CORTE DI CASSAZIONE – Ordinanza 02 maggio 2022, n. 13773
Rapporto di lavoro – Omissioni contributive – Errore materiale di calcolo – Contrasto tra motivazione e dispositivo letto in udienza – Nullità della sentenza – Inapplicabilità del procedimento di correzione degli errori materiali
Con sentenza del 7.10.15 la corte di appello di Roma, in parziale riforma della sentenza del 9.5.08 del tribunale della stessa sede, ha condannato RFI al pagare all’INPS Euro 754.499 a titolo di sanzioni ed interessi di mora.
In particolare, riferendosi ai contributi dovuti da RFI per rapporti di lavoro per i quali erano sorte contestazioni giudiziarie, la corte territoriale ha distinto il periodo precedente l’entrata in vigore della legge 388 del 2000 da quello successivo; nel primo caso ha riscontrato omissioni contributive e applicato le relative sanzioni in ragione del difetto di prova da parte dell’INPS circa la natura subordinata dei rapporti di lavoro; nel secondo caso ha riscontrato omissione in quanto, mutata la legge, si richiedeva un intento di occultamento del debito che, come già ritenuto dal giudice di primo grado, non sussisteva. Inoltre rilevato che “per errore materiale di calcolo” nel dispositivo letto in udienza era stata indicata la condanna per euro 458370, somma inferiore a quella effettivamente dovuta di euro 754.499 per come indicato dal consulente tecnico d’ufficio, la sentenza ha corretto il dispositivo con condanna alla somma da ultimo indicata.
Avverso tale sentenza ricorre l’INPS per un motivo (che fa valere ex n. 4 il contrasto tra dispositivo e motivazione e lamenta violazione dell’articolo 132 numero 4 c.p.c.); resiste la società datrice di lavoro con controricorso illustrato da memoria (che deduce l’inammissibilità del ricorso trattandosi di errore materiale).
Il ricorso è fondato.
Non solo vi è un oggettivo contrasto tra la motivazione ed il dispositivo letto all’udienza, ma la sentenza impugnata ha emesso nuovo dispositivo in sostituzione del precedente al fine di correggere l’errore ivi contenuto, in violazione delle regole processuali, che attribuiscono autonoma valenza giuridica ed immutabilità al dispositivo letto in udienza.
Il vizio della sentenza ne importa una nullità non emendabile con il procedimento di correzione degli errori materiali, rendendosi necessaria la cassazione della sentenza.

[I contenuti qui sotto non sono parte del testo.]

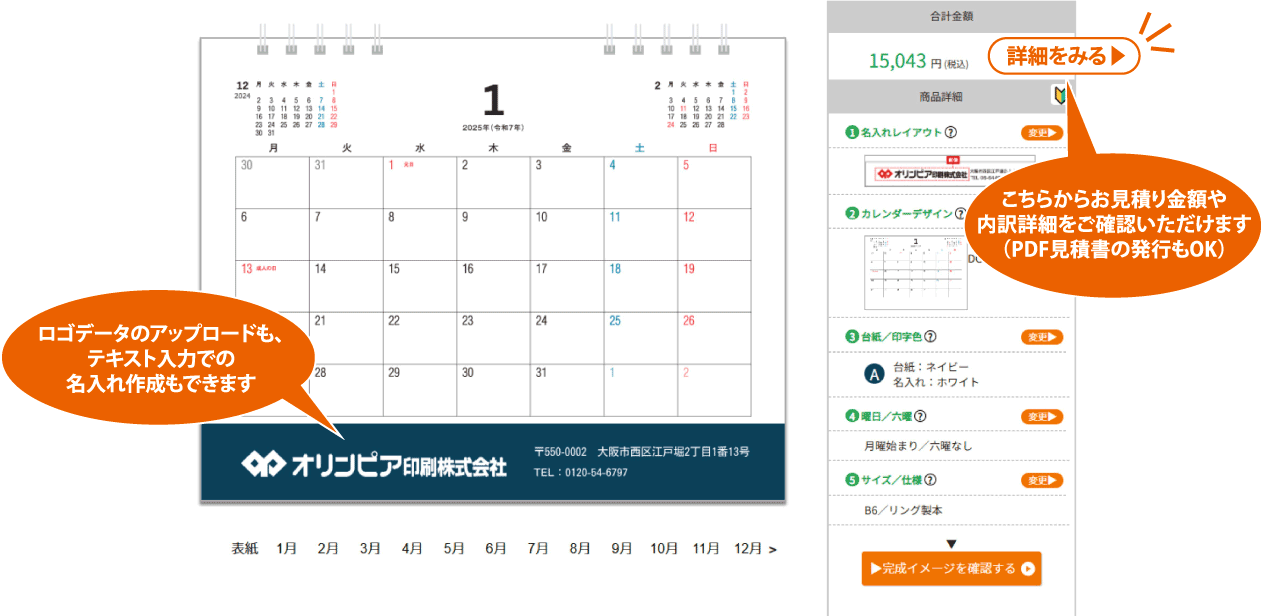 部数を入れてお見積金額をその場でご確認いただけます。ロゴデータのアップロードも、テキスト入力での名入れ作成もできます。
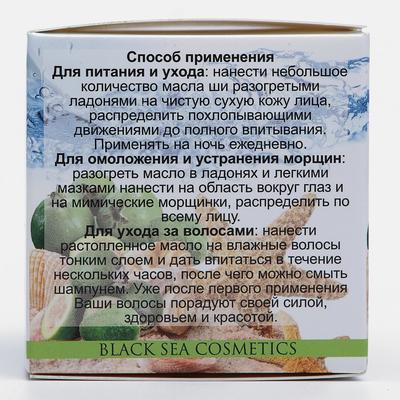 Масло Ши «МореЛечит» Фейхоа, 50 мл.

In tema, si richiama la giurisprudenza di questa Corte (Sez. L, Ordinanza n. 21885 del 26/10/2010, Rv. 615354 – 01; Sez. L, Sentenza n. 8894 del 14/04/2010, Rv. 612953 – 01); Sez. 3, Sentenza n. 7698 del 21/03/2008, Rv. 602162 – 01 e Sez. 2, Sentenza n. 5939 del 12/03/2018, Rv. 647850 – 01), che ha affermato che nel rito del lavoro il dispositivo della sentenza non è – come nel rito ordinario – un atto puramente interno, modificabile dallo stesso giudice fino a quando la sentenza non venga pubblicata, ma è atto di rilevanza esterna, che racchiude gli elementi del comando giudiziale i quali non possono essere mutati in sede di redazione della motivazione, atteso che la sua lettura in udienza fissa in maniera immodificabile tale comando portandolo ad immediata conoscenza delle parti. Ne consegue che il contrasto insanabile fra motivazione e dispositivo determina la nullità della sentenza, né può, pertanto, in tale ipotesi trovare applicazione il procedimento di correzione ex art. 287 cod. proc. civ..
La causa deve quindi essere rinviata alla stessa corte d’appello in diversa composizione al fine di un nuovo esame ed anche per le spese del giudizio di legittimità.
P.Q.M.
accoglie il ricorso; cassa la sentenza impugnata con rinvio alla medesima corte d’appello in diversa composizione anche per le spese del giudizio di legittimità.